On Thu, Apr 08, 2021 at 04:43:20PM -0700, Axel Rasmussen wrote:
> Previously, we did a dance where we had one calling path in
> userfaultfd.c (mfill_atomic_pte), but then we split it into two in
> shmem_fs.h (shmem_{mcopy_atomic,mfill_zeropage}_pte), and then rejoined
> into a single shared function in shmem.c (shmem_mfill_atomic_pte).
>
> This is all a bit overly complex. Just call the single combined shmem
> function directly, allowing us to clean up various branches,
> boilerplate, etc.
>
> While we're touching this function, two other small cleanup changes:
> - offset is equivalent to pgoff, so we can get rid of offset entirely.
> - Split two VM_BUG_ON cases into two statements. This means the line
> number reported when the BUG is hit specifies exactly which condition
> was true.

(For my own preference, I'll avoid touching the latter one)

>
> Signed-off-by: Axel Rasmussen <[email protected]>
> ---
> include/linux/shmem_fs.h | 15 +++++-------
> mm/shmem.c | 52 +++++++++++++---------------------------
> mm/userfaultfd.c | 10 +++-----
> 3 files changed, 25 insertions(+), 52 deletions(-)
>
> diff --git a/include/linux/shmem_fs.h b/include/linux/shmem_fs.h
> index d82b6f396588..919e36671fe6 100644
> --- a/include/linux/shmem_fs.h
> +++ b/include/linux/shmem_fs.h
> @@ -122,21 +122,18 @@ static inline bool shmem_file(struct file *file)
> extern bool shmem_charge(struct inode *inode, long pages);
> extern void shmem_uncharge(struct inode *inode, long pages);
>
> +#ifdef CONFIG_USERFAULTFD
> #ifdef CONFIG_SHMEM
> extern int shmem_mcopy_atomic_pte(struct mm_struct *dst_mm, pmd_t *dst_pmd,
> struct vm_area_struct *dst_vma,
> unsigned long dst_addr,
> unsigned long src_addr,

Not a problem of your patch, but it's just that we passed in odd src_addr
values into mfill_atomic_pte() for zeropage case because we loop on src_addr in
__mcopy_atomic()... Then it'll further passed into shmem_mcopy_atomic_pte()
now after this patch (as shmem_mfill_zeropage_pte() probably only did one thing
good which is to clear src_addr). Not a big deal, though.

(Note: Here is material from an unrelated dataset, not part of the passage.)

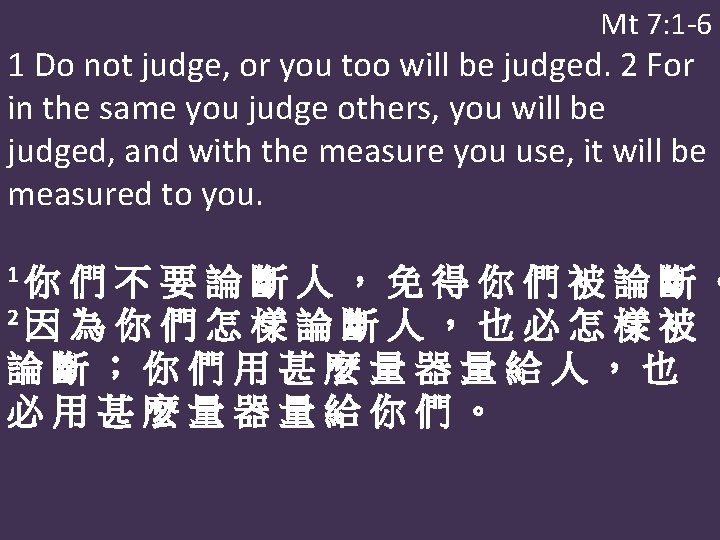 Mt 7: 1 -6 1 Do not judge, or you too will be judged.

All the rest looks sane to me.

Reviewed-by: Peter Xu <[email protected]>

I'll wait to look at the selftests since in all cases they should be prone to
rebase (either based on the v2 cleanup I posted, or you'd need to post without
err() - then I can rebase again), so I figured maybe I just read the new
version.

Thanks,

--
Peter Xu